Wuppertaler Kultur „Der kleine Lord“ kann auch fetzig, flott und lustig

Inszenierung des Schauspiels begeistert Groß und Klein.

Szene mit: (v.l.) dem Diener,  Graf von Dorincourt und Cedric.

Foto: Uwe Schinkel

Rührseligkeit und Weihnachtsschmalz unter dem Tannenbaum? Eher Fehlanzeige. Die Inszenierung des Familienstücks „Der Kleine Lord“ weicht von der bekannten Filmversion mit Alec Guiness und Ricky Schroder aus dem Jahr 1980 nicht inhaltlich, jedoch in der Umsetzung stark ab. In der Inszenierung von Henner Kallmeyer wird die Geschichte des verarmten Jungen Cedric (Julia Meier), der mit seiner Mutter (Silvia Munzon Lopez) in Amerika lebt, in Wahrheit der Enkel des Earl von Dorincourt (Martin Petschan) ist und daher als Erbe zu ihm nach England ziehen muss, fetzig, flott, lustig und voller Gags aufgeführt.

Dabei gehen Schauspiel und Musik eine herrlich temperamentvolle Symbiose ein. Unter der musikalischen Leitung von William Shaw finden sich die einzelnen Charaktere in der Musik wieder, gehen Zwiegespräche mit ihr ein, und das Geschehen wird von der Musik nicht nur umwoben. Denn Shaw hat keine Neuarrangements vorhandener Musik geschrieben, sondern neue geschaffen, gespielt von Musikern des Sinfonieorchesters Wuppertal. Sie interpretiert und verdeutlicht Gefühle und Aktionen der Schauspieler. Bei der Abschiedsszene schluchzt das Violoncello, die Annäherung zwischen Cedrik und seinem Opa begleitet jubilierend die Flöte. Denn auch in dieser Version des Stücks erobert er das Herz seines griesgrämigen Großvaters und zeigt ihm, was Menschlichkeit ist.

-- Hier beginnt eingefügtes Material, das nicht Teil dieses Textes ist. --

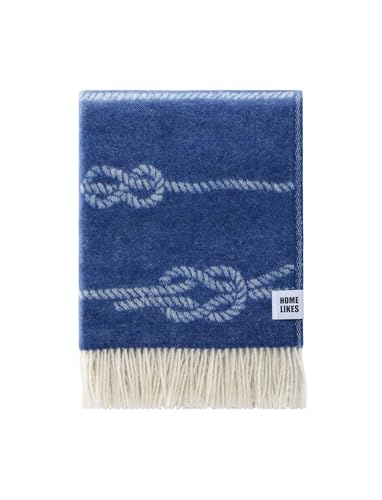 JJ Textile Nautical Knots Throw New Wool & Recycled Merino Sheep Wool- Soft & Cosy With a Reversible Design - Sustainable Throw for Bed, Sofa & Home Decor - Large Blanket 190cm x 130cm.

Schauspiel und Musik in temperamentvoller Symbiose

Manche Szenen weisen einen slapstickartigen Charakter auf. Die herrlichen Aktionen zwischen dem Diener des Earl im Hundekostüm, etwas zwischen Beagle und Basset, versehen mit dem typisch traurigen Dackelblick etwa oder die Reaktionen des geschenkten Ponys bei seiner Namensgebung. Das gefiel nicht nur den jungen Zuschauern im voll besetzten Theater am Engelsgarten. Die fantasievollen Kostüme von Silke Rekort taten ihr Übriges. Die falsche Gräfin mit ihren zwei Söhnen, angeblich die wahren Erben, stechen nicht nur optisch ins Auge. Die Pferde Mokka (Konstantin Rickert) und Silberschweif (Andreas Rother) fegten, mit Cedric und dem Earl auf dem Rücken, über die Bühne. Viele schöne kleine Gags der Choreographie unter Sophia Otto sorgten für ein stimmiges und erheiterndes Bild, erschien das alte Pferd des Earl doch zunächst mit einer Gehhilfe auf der Bühne.

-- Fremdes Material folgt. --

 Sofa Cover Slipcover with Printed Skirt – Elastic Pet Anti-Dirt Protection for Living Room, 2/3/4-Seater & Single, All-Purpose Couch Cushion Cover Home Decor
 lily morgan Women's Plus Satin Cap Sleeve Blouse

Doch „auch in Europa fern bei Opa“ vergisst Cedric seine alten Freunde und seine Mutter nicht. Und so kann sein Kumpel, der Schuhputzer Dick, die intrigante Gräfin entlarven. Es wird getanzt, gesprungen und gerannt, das Bühnenbild dreht sich, wird von den Schauspielern, die fast alle in Mehrfachrollen auftreten, erklommen. Die 75-minütige Aufführung vergeht so rasant wie sie inszeniert ist. Sie endet natürlich mit einem Happy End und minutenlangem anhaltenden Applaus für Schauspieler und Musiker. Mehr als 30 mal wird das sehenswerte Familienstück ab sechs Jahren noch aufgeführt werden, ab dem 3. Dezember im Opernhaus.